I hope he has found his loving mother in heaven

My first thought was that now the people who loved Brendan O'Donnell's victims have to go through it all again

My first thought was that now the people who loved Brendan O'Donnell's victims have to go through it all again. Then I thought of the flawless dignity they have always displayed. Maybe there is a heaven. If there is, perhaps they will forgive me for saying I hope Brendan O'Donnell has found his mother there, and that he is folded in her loving arms.

The way - it seems from how their bodies lay - Imelda Riney cradled her son,

Liam, when Brendan O'Donnell put his gun to the child's little head and pulled the trigger.

You can see the killer re-creating, in murdering a three-year-old boy, what had happened to himself. That was the age he was when he lost his own mother, who was his protector, and with her whatever chance he had of a valued life.

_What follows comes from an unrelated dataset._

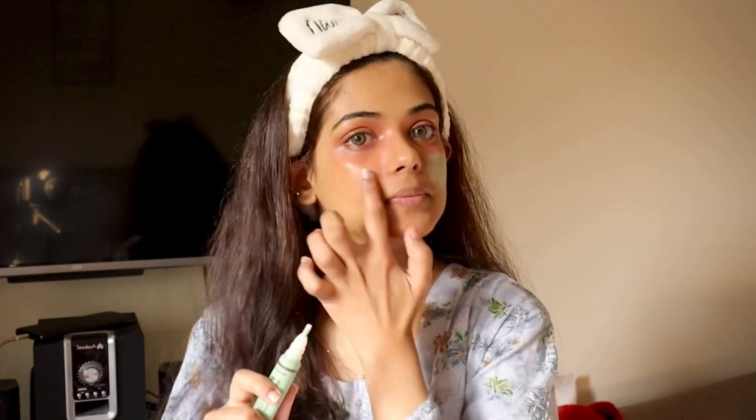I will apply the concealer to the face and blend it in. As you can see, I am checking whether dark circles are still visible. I will use Miss Rose concealer next.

He lost her first to the depression that had overcome her after her marriage.

READ MORE

Brendan's sister told the court of the mother, for example, holding eggs in her hands in the kitchen, and them falling and smashing on the floor without her noticing. "She would sit for long periods staring into space," the sister said.

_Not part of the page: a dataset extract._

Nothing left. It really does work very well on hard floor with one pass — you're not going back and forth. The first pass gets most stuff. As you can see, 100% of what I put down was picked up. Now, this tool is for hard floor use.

And "my father would make out that my mother was putting it on". When Brendan was two, his mother went into a psychiatric hospital for three months. She came out again for two days - just long enough for it to seem to a child that she had come home. Then she had to go back to hospital again for four months. And so it went.

We don't know exactly how old Brendan was when he witnessed - to take one example of the domestic brutality detailed in his sister's heartbreaking testimony - his father smashing his mother in the mouth breaking her teeth. "She went to jump out of the car, and Brendan said `Oh, please mammy, don't jump'."

But we know that his mother showed a special care for him, coaxing him to school and even "sitting into the bench with him", his sister said, "until he was happy to let her go. She would then be standing outside in the corridor. As long as he knew she was there, he was okay. . .".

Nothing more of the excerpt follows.